Advancements in healthcare
The evolving landscape of healthcare has prompted questions about whether the evaluation methods used by assessment organizations remain aligned with current and future practices. Wim Goettsch, professor of Health Technology Assessment of Pharmaceuticals at Utrecht University and project leader of SUSTAIN-HTA, explains: “For instance, in the past, the focus for medicines was primarily on treatments prescribed to large groups of people. Assessing effectiveness involved examining their impact on the average patient. However, contemporary healthcare uses more personalized approaches, with medicines designed for smaller, more specific patient populations. The question arises whether the existing methods are equipped to address these developments?”
Identifying needs
Goettsch notes that numerous (European) research projects are currently funded to develop HTA methods tailored for more personalized forms of care. Nonetheless, he observes that organizations such as the Dutch National Health Care Institute hardly incorporate these new methods in their practice. Goettsch: “A big gap exists between the development of methods and their implementation. With our new project, our aim is to facilitate the implementation of these methods into practice if there is need from HTA organisations . It serves as a nice example of valorization, where we make the connection between scientific advancements and real-world application.”

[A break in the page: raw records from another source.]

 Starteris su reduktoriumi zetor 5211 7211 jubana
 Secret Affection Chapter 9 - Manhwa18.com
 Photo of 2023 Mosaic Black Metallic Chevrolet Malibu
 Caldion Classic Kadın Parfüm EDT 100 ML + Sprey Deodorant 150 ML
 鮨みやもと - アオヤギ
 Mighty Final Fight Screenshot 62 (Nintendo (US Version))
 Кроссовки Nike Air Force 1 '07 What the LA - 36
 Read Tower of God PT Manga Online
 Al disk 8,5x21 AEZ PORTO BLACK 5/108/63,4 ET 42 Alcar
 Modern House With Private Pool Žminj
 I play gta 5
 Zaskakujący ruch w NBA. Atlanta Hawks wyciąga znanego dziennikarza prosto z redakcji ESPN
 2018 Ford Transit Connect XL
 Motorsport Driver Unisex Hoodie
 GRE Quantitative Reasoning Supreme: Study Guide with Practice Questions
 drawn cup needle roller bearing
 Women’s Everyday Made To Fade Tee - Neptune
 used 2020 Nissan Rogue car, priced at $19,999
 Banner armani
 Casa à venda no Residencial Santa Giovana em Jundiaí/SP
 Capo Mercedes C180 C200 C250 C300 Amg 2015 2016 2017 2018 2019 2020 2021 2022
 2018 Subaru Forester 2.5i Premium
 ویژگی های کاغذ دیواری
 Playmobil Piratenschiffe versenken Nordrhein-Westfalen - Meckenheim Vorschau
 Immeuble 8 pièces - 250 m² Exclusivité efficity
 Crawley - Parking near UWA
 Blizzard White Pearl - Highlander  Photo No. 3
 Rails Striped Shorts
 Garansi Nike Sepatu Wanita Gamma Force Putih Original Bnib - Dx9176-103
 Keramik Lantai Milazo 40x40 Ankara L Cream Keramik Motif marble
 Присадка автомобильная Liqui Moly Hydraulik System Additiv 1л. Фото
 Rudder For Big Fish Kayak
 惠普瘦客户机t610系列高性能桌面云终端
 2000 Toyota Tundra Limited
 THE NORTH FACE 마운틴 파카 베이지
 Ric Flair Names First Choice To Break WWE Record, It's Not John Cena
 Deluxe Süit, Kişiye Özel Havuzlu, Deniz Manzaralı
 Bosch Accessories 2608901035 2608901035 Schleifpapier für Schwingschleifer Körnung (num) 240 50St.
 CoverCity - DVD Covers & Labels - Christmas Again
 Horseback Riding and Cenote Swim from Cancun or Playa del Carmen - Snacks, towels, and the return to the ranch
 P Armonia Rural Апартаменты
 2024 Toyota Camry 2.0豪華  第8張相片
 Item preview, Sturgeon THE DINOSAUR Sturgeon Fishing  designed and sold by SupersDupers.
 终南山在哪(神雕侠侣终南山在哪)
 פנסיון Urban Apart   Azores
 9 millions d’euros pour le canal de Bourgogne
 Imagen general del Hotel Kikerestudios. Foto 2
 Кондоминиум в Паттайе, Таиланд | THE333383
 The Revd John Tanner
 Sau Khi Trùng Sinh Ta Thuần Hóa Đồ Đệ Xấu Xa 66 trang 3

We hope that, gradually, we can bring on board all European HTA organization
SUSTAIN-HTA is a collaborative effort between academic groups and a number of HTA organizations. Goettsch: “We are going to identify the methodological needs of these HTA organizations. We will also compile a list of methods that have been developed in recent years. Additionally, we aim to assess which methods are currently described in the guidelines of the HTA organizations. Subsequently, we will analyse where these new methods can best be used and how their actual implementation can be shaped most effectively.”
At the European level
Another aspect where the project aims to make an impact lies in the realm of European collaboration. Previously, HTA procedures were confined to national domains, with each country having its own distinct procedures. However, a new European law, which goes into effect in 2025, mandates that the clinical evaluation of drugs (and at a later date, also medical devices)—the assessment of the effectiveness of a drug in comparison to existing treatments—must be conducted at the European level. SUSTAIN-HTA seeks to actively support the advancement of methods tailored for these
Platform
While several HTA organizations are currently engaged in the project, far from all European organizations are involved. Goettsch: “Getting all European HTA organizations on board will be a substantial challenge. There is a quite wide range of perspectives on methods across Europe. For instance, opinions vary greatly on the importance of real-world clinical data in the assessments; using these data can only be facilitated by the development and use of specific methods. However, we hope that, gradually, we can bring everyone on board in our effort to implement new HTA methods if they fulfil the needs from HTA organisations.”
Goettsch is also exploring avenues to ensure the sustainability of the project’s objectives even after its finalization. He envisions the establishment of a permanent entity arising from the project. Goettsch: “Perhaps a new platform needs to be established, or we could perhaps join existing entities. This is something we will investigate in the coming period.”